__Data for review__
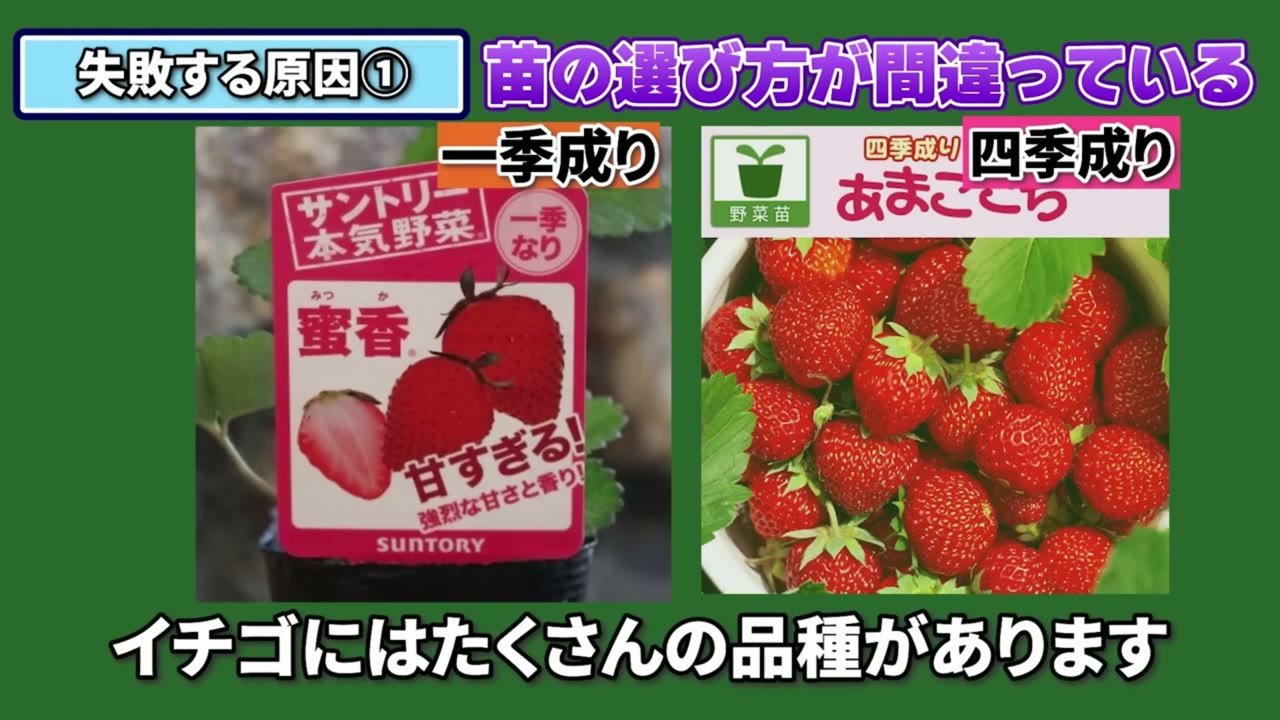 一季成りと四季成りのイチゴ苗を比較する動画画像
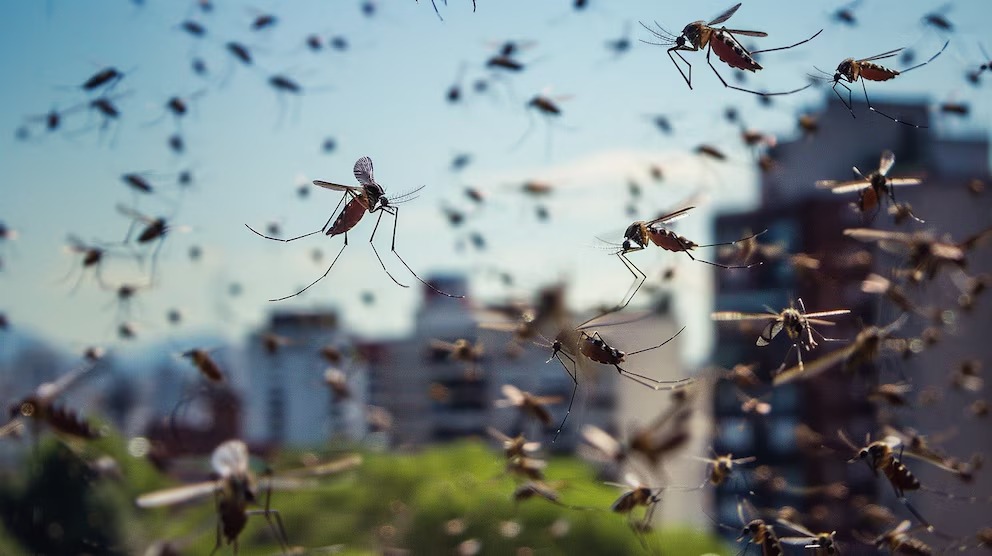 Dengue en México: Cuáles son sus síntomas y cómo se contagia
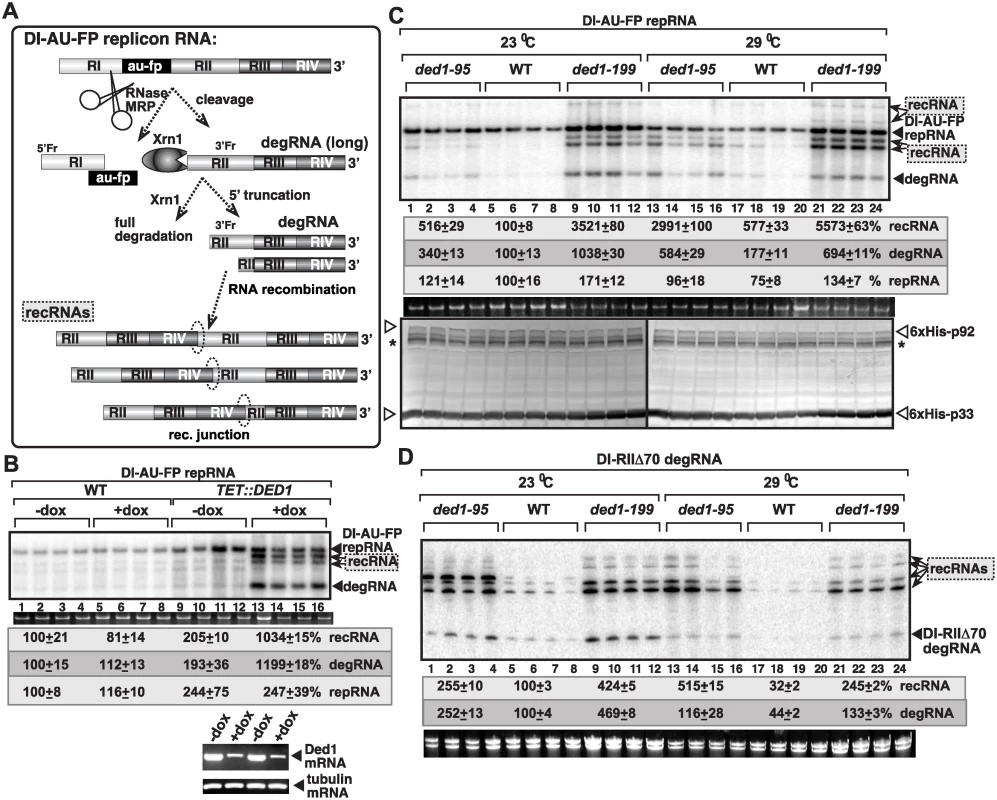 The DDX3-like Ded1p DEAD-box helicase is a suppressor of TBSV RNA recombination.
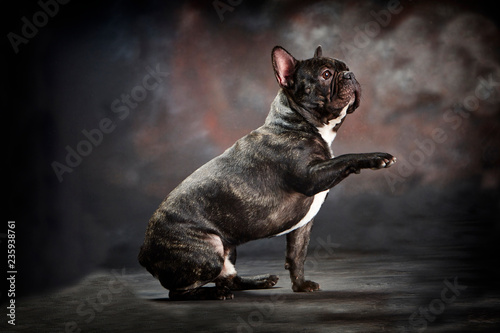 Foto Bulldog francés marrón casi negro levantando la pata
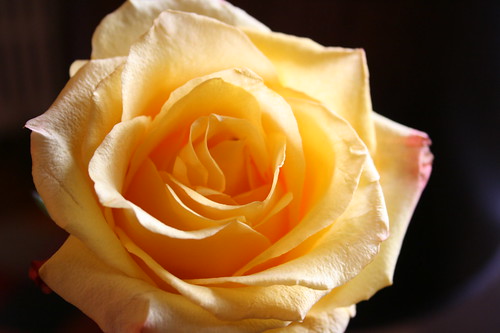 yellow rose — June 3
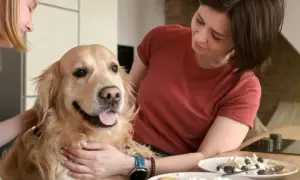 Złoty retriever z językiem na wierzchu, głaskany przez dwie kobiety. Na stole ser biały z jagodami, czy pies może jeść ser biały?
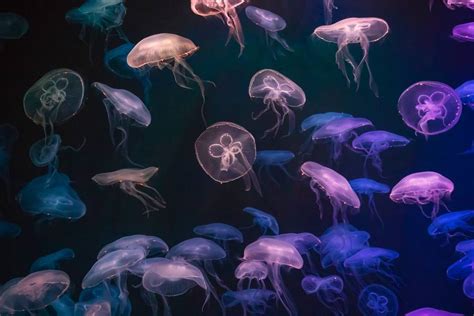 10 Types Of Jellyfish In Florida And Which To Avoid Pro Adventure Guide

__Description of the task__
An exact copy is needed of every line from the line containing "yellow rose — June 3" to the last line of the records; pictures stay out of it.

__Task output__
 yellow rose — June 3
 Złoty retriever z językiem na wierzchu, głaskany przez dwie kobiety. Na stole ser biały z jagodami, czy pies może jeść ser biały?
 10 Types Of Jellyfish In Florida And Which To Avoid Pro Adventure Guide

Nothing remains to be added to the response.